Check the appropriate boxes to designate any transactions to which the statement relates:

 

  x   third-party tender offer subject to Rule 14d-1.
  ¨   issuer tender offer subject to Rule 13e-4.
  x   going-private transaction subject to Rule 13e-3.
  ¨   amendment to Schedule 13D under Rule 13d-2.

Check the following box if the filing is a final amendment reporting the results of the tender offer:   ¨

 

 

 


This combined Tender Offer Statement and Rule 13e-3 Transaction Statement filed under cover of Schedule TO (this “ Schedule TO ”) is filed by LaunchEquity Acquisition Partners, LLC Designated Series Education Partners, a designated series of a Delaware series limited liability company (“ Parent ”), LEAP Acquisition Corporation, a Minnesota corporation and wholly-owned subsidiary of Parent (“ Purchaser ”), and LaunchEquity Partners, LLC, an Arizona limited liability company and the direct or indirect sponsor entity of Parent and Purchaser (“ Parent Sponsor ”). This Schedule TO relates to the offer by Purchaser to purchase all the outstanding shares of Common Stock, par value $0.01 per share (the “ Shares ”), including the associated rights to purchase Shares of Series A Junior Participating Preferred Stock, par value $0.01 per share (the “ Rights ”), of MakeMusic, Inc., a Minnesota corporation (“ MakeMusic ”), other than Shares owned by Parent and Purchaser, at a purchase price of $4.85 per Share, net to the seller in cash, without interest and less any applicable withholding taxes, upon the terms and subject to the conditions set forth in the Offer to Purchase, dated March 22, 2013 (the “ Offer to Purchase ”), a copy of which is attached hereto as Exhibit (a)(1)(i), and the related Letter of Transmittal, a copy of which is attached hereto as Exhibit (a)(1)(ii) (which, as amended or supplemented from time to time, together constitute the “ Offer ”). Unless the context otherwise requires, all references herein to “Shares” shall be deemed to include the associated Rights. The information set forth in the Offer to Purchase, including all schedules thereto, and the related Letter of Transmittal are hereby expressly incorporated by reference in response to all items of this Schedule TO, including, without limitation, all of the information required by Schedule 13E-3 that is not included in or covered by the items in Schedule TO and is supplemented by the information specifically provided herein.

 

Item 1. Summary Term Sheet.

Reference is made to the information set forth in the Offer to Purchase under the heading “Summary Term Sheet” which is incorporated herein by reference.

 

Item 2. Subject Company Information.

(a) Reference is made to the information set forth in the Offer to Purchase under the heading “The Offer—Section 7. Certain Information Concerning MakeMusic,” which is incorporated herein by reference.

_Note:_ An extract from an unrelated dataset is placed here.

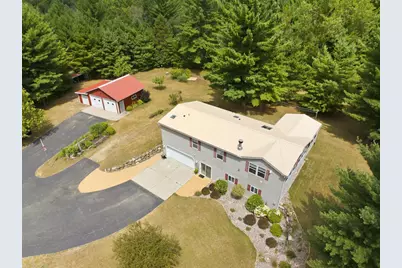 3982 State Rd 13, Wisconsin Dells, WI 53965 - Photo 6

(b) Reference is made to the information set forth in the Offer to Purchase under the heading “Introduction,” which is incorporated herein by reference.

(c) Reference is made to the information set forth in the Offer to Purchase under the heading “The Offer—Section 6. Price Range of the Shares; Dividends,” which is incorporated herein by reference.

 

Item 3. Identity and Background of Filing Person.

(a) Reference is made to the information set forth in the Offer to Purchase under the headings “Summary Term Sheet,” “Introduction,” “The Offer—Section 8. Certain Information Concerning the Offeror Group,” and in “Schedule A—Information Concerning Directors and Executive Officers of the Offeror Group,” which is incorporated herein by reference.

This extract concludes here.